Drug Testing News
Highest Court To Study Hospital's Role
In Arresting Drug Users
WASHINGTON (AP) -
The Supreme Court, tackling a dispute over women's privacy, said Monday
it will decide whether public hospitals can test pregnant patients for
drug use and tell police who tested positive. The court must determine
whether a South Carolina hospital's policy aimed at detecting pregnant
women who use crack cocaine violates the Constitution's protections
against unreasonable searches.
"On one level, the question before the court is whether pregnant women
have lesser constitutional rights than other Americans," said Simon
Heller of the Center for Reproductive Law and Policy, one of the lawyers
representing 10 women who tested positive.
Some of the women were arrested "right out their hospital beds, still
bleeding from having given birth," he said, as the state used its child-endangerment
law to prosecute women who use illegal drugs while pregnant.
Lynn Paltrow of the Women's Law Center, another of their lawyers,
called the policy "bad medicine" because it deters women from seeking
prenatal care.
South Carolina Attorney General Charlie Condon said the case will not
deter the state's efforts. "South Carolina's policy of protecting unborn
children from their mother's cocaine abuse will continue even at public
hospitals," he said. "Search warrants can be used as well as consents
to search."
Condon added: "There is no constitutional right for a pregnant mother
to use drugs. The unborn child has a constitutional right to protection
from its mother's drug abuse."
The hospital discontinued its policy after a 1993 lawsuit was filed,
but police already had arrested 30 maternity patients.
The justices' decision, expected sometime in 2001, could determine
whether the policy ever gets reinstated and whether other hospitals
consider adopting similar tactics.
The South Carolina law makes it a crime to "refuse or neglect to provide
the proper care and attention" so that a child "is endangered or is
likely to be endangered." The state's Supreme Court has ruled that a
viable fetus - one able to live outside the uterus - is a child under
the law and has upheld the law's use against pregnant women.
South Carolina prosecutors have brought such cases dozens of times
since 1989, and the nation's highest court refused two years ago to
review such prosecutions. The highest courts in Florida, Kentucky, Nevada
and Ohio have disallowed them, however.
The law was enacted during the crack cocaine epidemic, but pregnant
women found to have used other drugs have also been prosecuted.
At the Medical University of South Carolina, a public hospital in Charleston,
officials decided in 1989 to help prosecutors. If a woman's urine test
indicated cocaine use, she was arrested for distributing the drug to
a minor.
In early 1990, the policy was changed to give drug-using patients a
choice between being arrested and enrolling for treatment.

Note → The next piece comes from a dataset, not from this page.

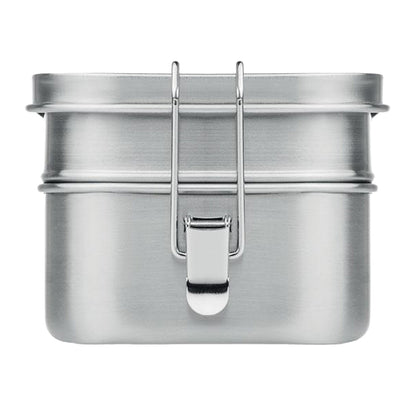 Matt Silver - Back - MidOcean Double Chan Stainless Steel Lunch Box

Ten women sued the hospital and others in 1993, contending among other
things that the urine testing, performed without court warrants, amounted
to unreasonable searches that violated the Fourth Amendment.
The hospital treats indigent patients, many of them black. Of the 30
women arrested, 27 were black. The lawsuit alleged that the hospital
policy was racially discriminatory, but that argument was not raised
in the Supreme Court appeal.
After a six-week trial, a federal jury ruled against the women. The
4th U.S. Circuit Court of Appeals upheld that verdict last July.
"In light of the documented health hazards of maternal cocaine use
and the resulting drain on public resources, (hospital) officials unquestionably
possessed a substantial interest in taking steps to reduce cocaine use
by pregnant women," the appeals court ruled.
The policy effectively advanced that interest, it said, adding that
the urine tests "were minimally intrusive."
For those reasons, the appeals court concluded the searches were reasonable
under a "special needs" exception to the Fourth Amendment's general
requirement that a search be authorized by court warrant or be based
on "probable cause" to suspect a crime.
The appeal called the July ruling a [logical?] extension of the special
needs doctrine" that would let police search without a warrant or individualized
suspicion any time "the government can present a health or safety reason."